Dear collective mind of Reddit,
I’m thinking about a fun summer project. Buy a small electric car in Norway and drive it through Denmark and Germany to Czech Republic. It will be a great newspaper article. The catch is, that it looks like, that Norway export plates are valid only in Norway and neighbour countries.
But, in Denmark, I should be able to buy local “test plates” – prøvemærker. And they should be valid in Germany too. (Than I’m almost home.)
The question is. Can I buy and put prøvemærker on a car, which was registered in Norway?
Main source of information is this page so far. [https://skat.dk/data.aspx?oid=2234514](https://skat.dk/data.aspx?oid=2234514)
Thanks for any hindshights.
3 comments
If you are actually a journalist or something working on that specific story, yeah it could work. But if you are just a private citizen moving from A to B, I don’t think it’s going to fly. The test plates are for special purposed, such as trying out a car, a dealer that has to move it from one shop to another, or import/export, or some special cases such as journalists reviewing a car, maybe going to an autoshow to exhibit the car etc., they are not for general transportion, which your trip sounds like, unless you can argue you are working on a story/documentary or something about your journey, then it would be a maybe.

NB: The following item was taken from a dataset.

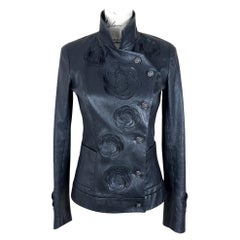 Chanel 13K$ Camellia Applique Black Leather Jacket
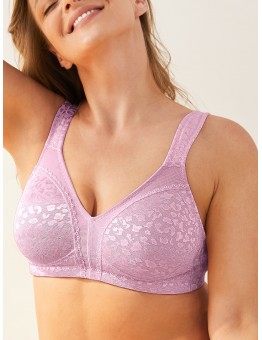 PRINCEGOOSE bras Elegant Plus Lightweight Wireless Bra - 1pc Leopard Print No Padding Comfortable Bra with Slight Stretch Knit Fabric - 82% Nylon 18% Elastane Contrast Lace Detail M SIZE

But I do think your are at best skirting the rules a bit here, it doesn’t really sound like the intend of the rules. So I would be doubtful about if it works
Also for the journalist angle to work, your primary subject needs to be motoring.
Why not regular Norwegian plates?
Testmærker is made for a specific purpose. To get an uninsured car to the mechanic, or for a MOT roadworthy test.
You’re not allowed to drive a car with those plates around without a purpose like above. If so everyone would just be doing that and skipping taxes.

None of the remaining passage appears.